Another buddy found out his company is being sold. He now has the “luxury” of either moving to Wisconsin/Minnesota or finding new work by December. All he wants to do in work in investments, but he realized this too late in life. He either must go back to school or move to Boston in a hope of someone giving him a chance. He’s had several careers and just wants stability, but the clock is ticking and he’s not sure what to do next. He is 28 years old.
Everyday, there are more and more stories of mass layoffs in all walks of business. Do a Google search under News and type in the word ‘layoffs’. You’ll see story after story of 25 here, 200 there, a whole plant there. No one is safe these days, but what happens when the good people get let go? The ones that care about the company, put in the overtime and try to make a difference? Should they be the casualties or is it the responsibility of those in charge to do whatever they can to hold onto valuable employees for when things do change?
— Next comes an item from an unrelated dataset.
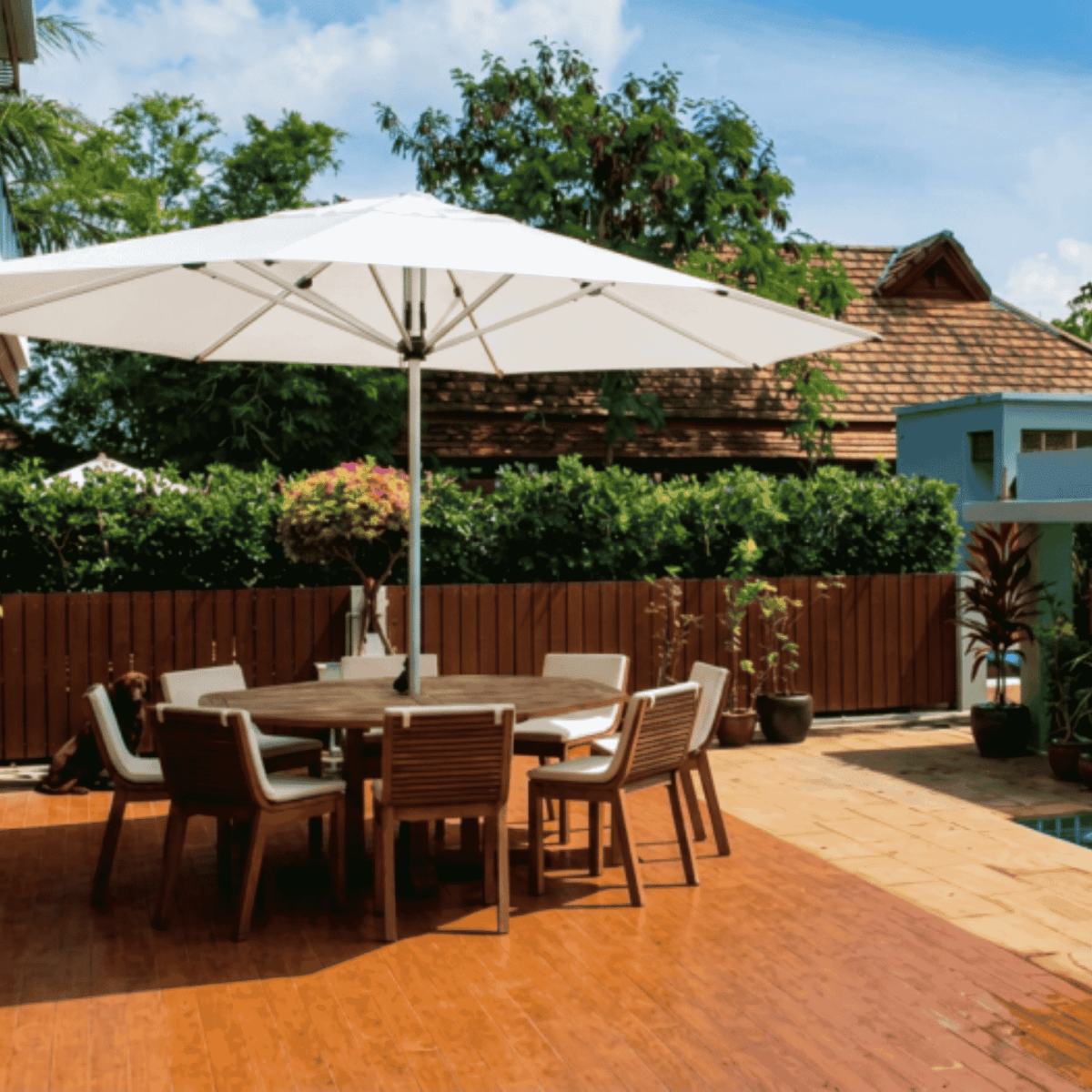 Shadowspec Oasis Cafe and Resort Center Pole umbrella with octagonal canopy at a residential outdoor dining set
Another friend of mine was laid off last year and had a devil of a time finding work. An English major, she searched…and searched…and searched. She’s a good person that someone could surely take on and train her to the best of her qualities. But she is still searching and now has a job that is just that…a job, until the right key turns the right door and she finds what she is looking for. Sometimes even a college education isn’t worth the paper it’s presented on. She is 27 years old.
So during all this time, I’ve been doing a lot of thinking (big surprise) about two items: debt and efficiency. People have a tough time changing lifestyle, so my guess is that credit card debts are just going up and up and up. Combined with mortgages, student loans, car payments and the other necessities in life, it’s no surprise that there have been so many foreclosures and repossessions of property in the past few years. On efficiency, I often wonder if people look within their company to minimize inefficiencies so that they don’t have to let people go. My friend Chris is a logistical genius and is written up quite frequently in the news for his abilities to save his major employer money. He virtually is paying for himself time and time again simply by doing something so simple it’s scary: looking for problems that aren’t apparent and fixing them anyway. He is 33 years old.
Finally, there’s the story of my buddy Mark. He works for a major financial investment company that was recently in the news for laying hundreds of people off. During the time this was happening, he was on vacation and was unsure of whether he’d have a job upon his return. “I’m not checking my email or voicemail while I’m on vacation,” he said with a resigned look on his face. “Whatever is going to happen is going to happen. I’ll find out when I get back.”
Even in this era of uncertainty, there one fact that has never changed: sometimes it’s still best to just stay in bed.